Joe Troyer: As I sat at Funnel Hacking Live, I took a picture and I posted it. I posted it on Twitter and I think on LinkedIn. There’s a picture of me doing a selfie with the entire crowd of 5,000 people behind me. And in that post I talked about my aha moment, was that none of my offers are big enough or wide enough. And what I really mean by that is that all of my offers to date, everything that I sell to an agency, and to be frank guys like it’s a little weird to talk about, but everything that I sell to you guys as well applies to a percentage of a percentage of a percentage of a percentage of the marketplace.

Joe Troyer: And I used to think that that was really cool until I was surrounded by 5,000 people at Russell Brunson’s event. And it all came sinking it, “Holy Shit, I’m missing the boat.” Derek says, “Where’s that pic?” On my LinkedIn, I believe. I know for sure and I believe it’s also, Derek, on my Twitter. Personal on both. So that has to change. Like I lead a big honking sexy foot in the door offer that delivers amazing value that everybody can see the value in and that I can sell to every Tom, Dick, and Harry in the marketplace.

Joe Troyer: And if I can do that, if I can just do that and I can build a great value ladder in terms of sales, it’s fucking game over. Give me a three if that was a good, good take away for you guys because this for me, I mean it seems fricking obvious but guys like literally, 10 years in the making, I’ve been shitting the bed so to speak. I had been letting this one just passed me by.

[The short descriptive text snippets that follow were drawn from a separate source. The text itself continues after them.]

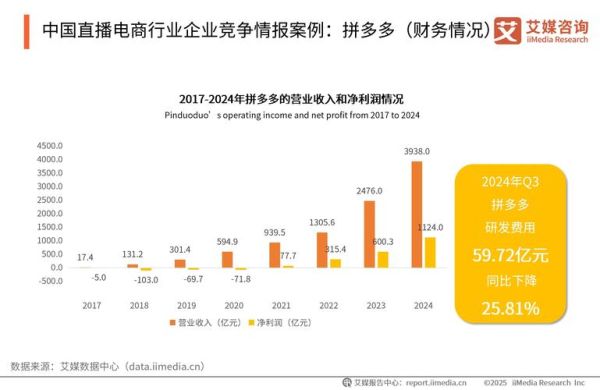 咨询行业数据分析怎么做_咨询行业数据分析工具有哪些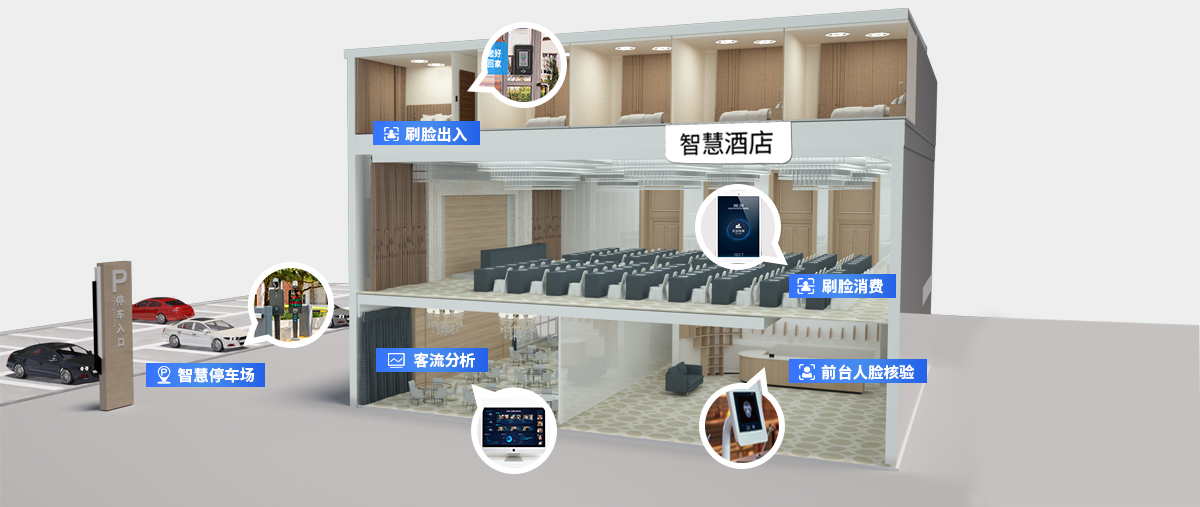 智慧酒店整体解决方案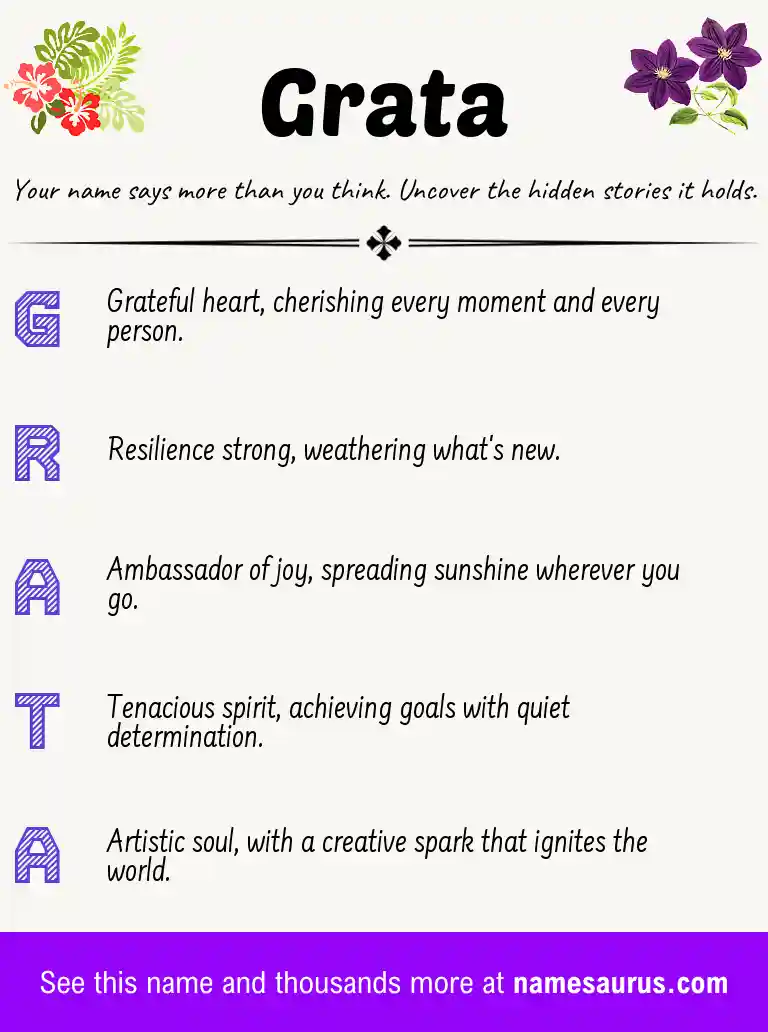 Acrostic poem about Grata.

Joe Troyer: Rule number two is that each and every product has to stand on its own with the value that it drives. What I mean by that is if somebody kind of skips their way in the value ladder and they skip option number one and they buy option number two, like what I want to sell after they buy number one, if they go directly, they skip go, they pass product offering number one somehow and they buy number two, I want it to be on able to stand on its own with value.

Joe Troyer: I don’t want them to have to purchase one to make two worthwhile, which then makes three worthwhile. Each and every product needs to and must stand on its own with value. I see a lot of people packaging in and adding in. I got a bronze, I got a silver, I got a gold, but they’re packaging in and they’re adding in things that are … Can I just say it? … shit. They’re fluff. They don’t work, they don’t deliver results. They don’t make you look good and they definitely don’t stand on their own.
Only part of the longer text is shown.